However, as I understand it, there are literally thousands of fragments and much work and time is necessary to translate them. Where they all are, I don't know.

The last books that I read on the subject of the Dead Sea Scrolls, were of the opinion that the scrolls were hidden at Qumran as the people fled Jerusalem, not that they were necessarily written there.

I understand that most of the translation work is done. The remaining work is to match fragment xyz to Biblical text abc or to Talmudic commentary 123 -- or is this piece of parchment something new?
The current theory, as I understand it, is the Essenes copied a minor portion by themselves, maybe 10-25%, but the rest were scripts written outside the community. One conjecture is that they believed they were already in the "end-times" and had been copying and burying scrolls for years The 66-72 Jewish revolt may have forced them to speed it up and accept outside texts.
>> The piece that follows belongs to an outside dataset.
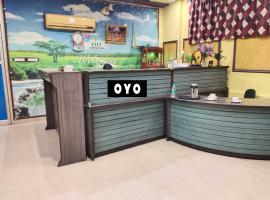 Viesnīca Hotel O by OYO Ritz Rivera pilsētā Phalta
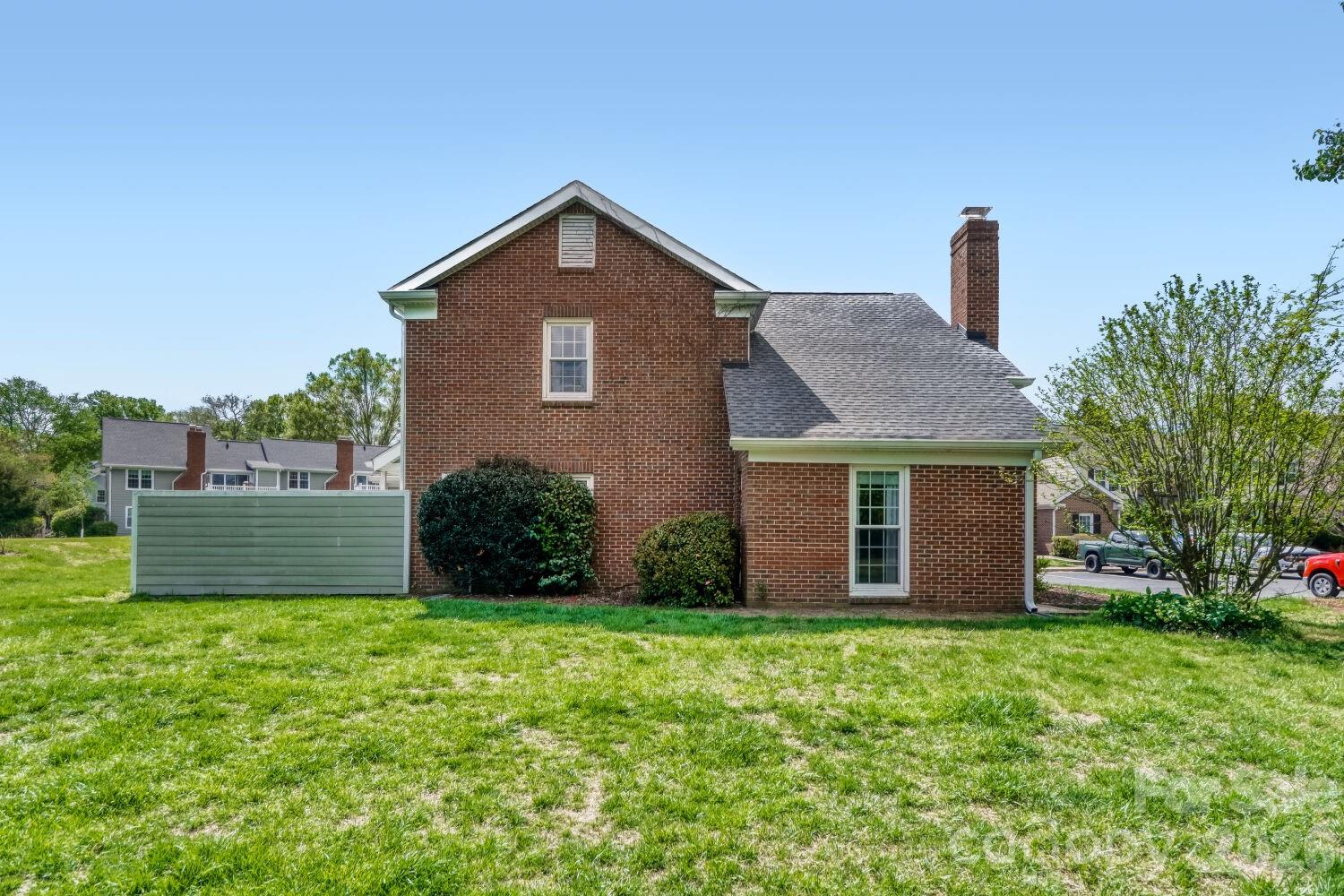 9411 Kings Falls Drive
... Also, fragments of every Biblical book except Esther have been found, as well as many other non-Biblical texts.

The wining and dining and seducing the King like in Esther probably wouldn't have appealed to them. But the Jews didn't have a "accepted" canon back then.

... as well as in the coming of the prophesied Messiah, whose kingdom they foresaw as drawing close to earth, which is exactly what Jesus claimed.

Orthodox Jews were expecting a strong triumphant King that would redeem the Jewish nation en masse. Jesus was clearly not the Messiah as the Jews understood him to be.

2,010 posted on 05/31/2005 5:59:31 AM PDT by dread78645 (Sorry Mr. Franklin, We couldn't keep it.)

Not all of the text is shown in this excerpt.